On November 11, 2016, Usher signed a National Letter of Intent to play college basketball for the University of Southern California.

As a senior in 2016–17, Usher attended Wheeler High School in Marietta, Georgia, where he helped lead his team to a 21–9 record and to the state GHSA 7-A quarterfinals.

==College career==
As a freshman at USC in 2017–18, Usher played in all 36 games for the Trojans and averaged 4.8 points and 2.0 rebounds per game. His 40.9 percent shooting from three-point range tied for third all-time among USC freshmen. He scored a season-best 14 points three times.

In the 2018–19 season, Usher played in 12 games for the Trojans before leaving the program in late December. He averaged 8.6 points and 3.7 rebounds in 24.5 minutes per game.
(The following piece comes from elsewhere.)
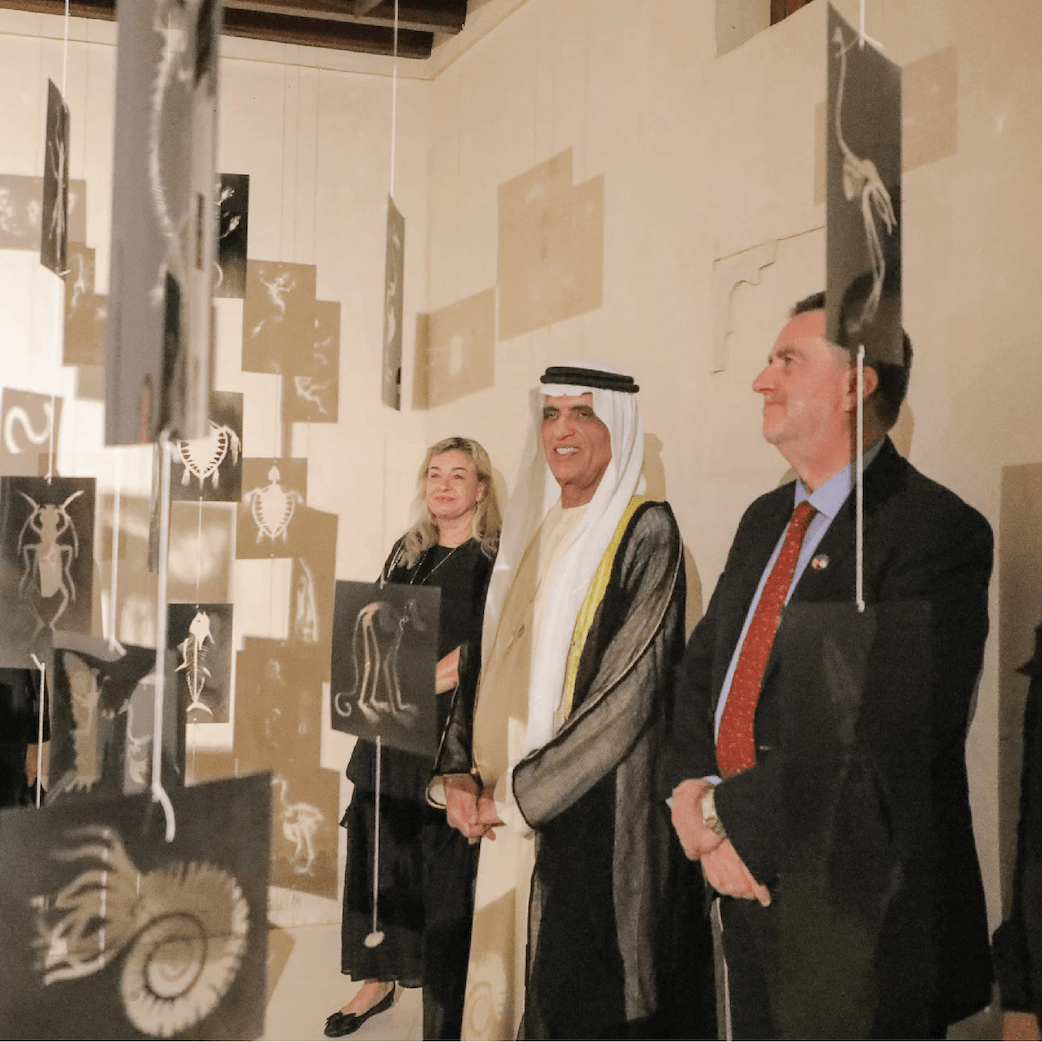 The Festival - Ras Al Khaimah Art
He scored a season-high 22 points twice.

On December 31, 2018, Usher announced he was transferring from USC. On January 8, 2019, it was announced he was enrolling at Georgia Tech and that he would become eligible to play for the Yellow Jackets midway through the 2019–20 season.
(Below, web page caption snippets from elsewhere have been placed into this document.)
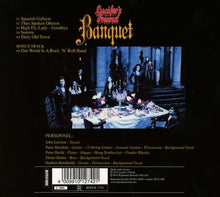 Lucifer's Friend: Banquet CD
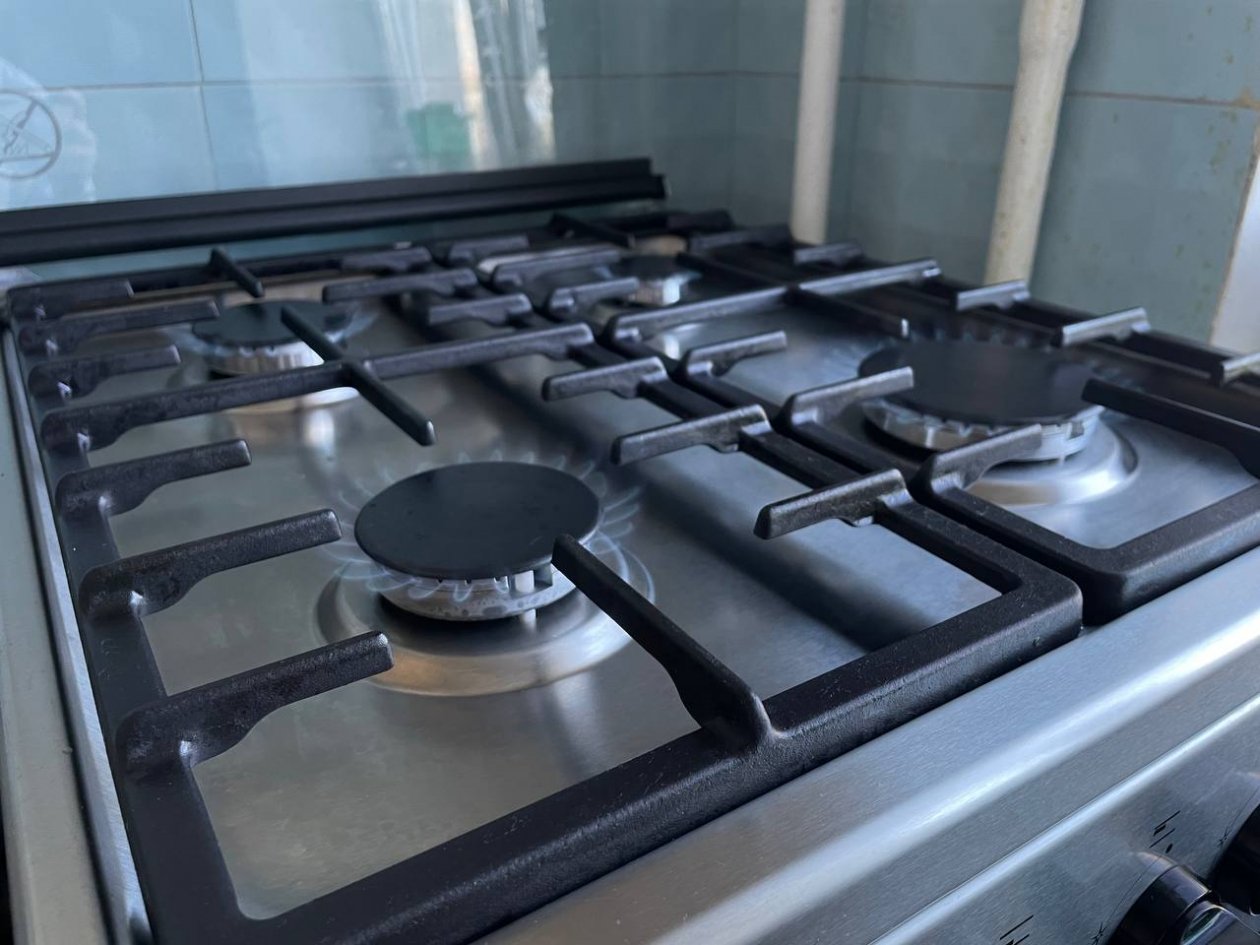 Для всех, у кого стоит газовая плита: новые требования - важно знать ИА Stavropol.Media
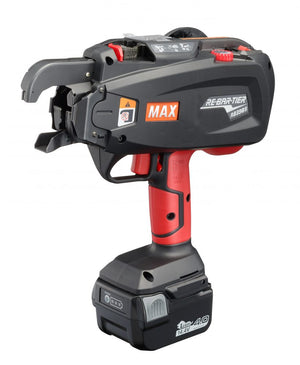 MAX RB398S Rebar Tying Tool (20-39mm Opening)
Upon becoming eligible to play on December 18, 2019, Usher started all 23 games to finish the season for the Yellow Jackets and averaged 8.2 points and 4.4 rebounds per game. He scored a season-high 18 points against Boise State in his second game.

In the 2020–21 season, Usher averaged 11.6 points, 4.2 rebounds, 2.8 assists and 1.6 steals per game. He scored a season-high 21 points against Clemson on January 20, 2021. The Yellow Jackets won the 2021 ACC tournament and Usher was named to the ACC All-Tournament team.
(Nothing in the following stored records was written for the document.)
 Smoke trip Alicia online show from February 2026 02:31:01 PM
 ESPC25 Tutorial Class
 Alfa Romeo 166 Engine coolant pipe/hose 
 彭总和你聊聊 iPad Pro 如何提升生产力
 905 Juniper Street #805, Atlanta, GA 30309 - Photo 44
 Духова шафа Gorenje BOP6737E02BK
In the 2021–22 season, Usher scored in double digits in 26 of 32 games and posted seven games of 10 or more rebounds. He averaged career bests of 14.78 points, 6.5 rebounds, 2.9 assists and 1.46 steals per game. He twice scored 30 points in a game, both in overtime wins against Georgia State and Boston College.

During his college career, Usher was listed as a guard/forward and earned a reputation for being able to defend at all five positions while also playing in the post.

==Professional career==
Usher participated in a pre-draft workout with the Utah Jazz. After going undrafted in the 2022 NBA draft, he joined the Jazz for the 2022 NBA Summer League.

On July 28, 2022, Usher signed with Beşiktaş J.K. of the Turkish Basketbol Süper Ligi (BSL) for the 2022–23 season. In 30 BSL games, he averaged 14.33 points, 3.73 rebounds, 1.23 assists and 1.23 steals per game. He also appeared in one FIBA Europe Cup game.

In July 2023, Usher played for the Phoenix Suns in the 2023 NBA Summer League.

On August 9, 2023, Usher signed with the Perth Wildcats of the Australian National Basketball League (NBL) for the 2023–24 season. In his debut for the Wildcats on September 29, 2023, he scored a game-high 35 points in a 101–95 win over the Tasmania JackJumpers, setting the highest score ever by a Wildcats player on debut. He struggled to have an impact in the following games and was subsequently moved to the bench on November 4. That decision coincided with the Wildcats turning their season around and resulted in Usher's form improving. In 31 games, he averaged 12.3 points, 3.4 rebounds and 1.4 assists per game.

On June 13, 2024, Usher signed with JL Bourg of the LNB Pro A. He averaged 10.9 points, 3.4 rebounds and 1.1 steals while starting in all 18 of his EuroCup appearances during the 2024–25 season.

On July 17, 2025, Usher signed with Türk Telekom of the Turkish BSL, returning to the league for a second stint. In 30 BSL games, he averaged 10.1 points, 3.3 rebounds, 1.4 assists and 1.1 steals per game. He also averaged 9.0 points, 3.4 rebounds, 1.5 assists and 1.2 steals in 23 EuroCup games.

On July 4, 2026, Usher signed with Esenler Erokspor of the Turkish BSL.

==Personal life==
Usher is the son of Karen and Henry Usher.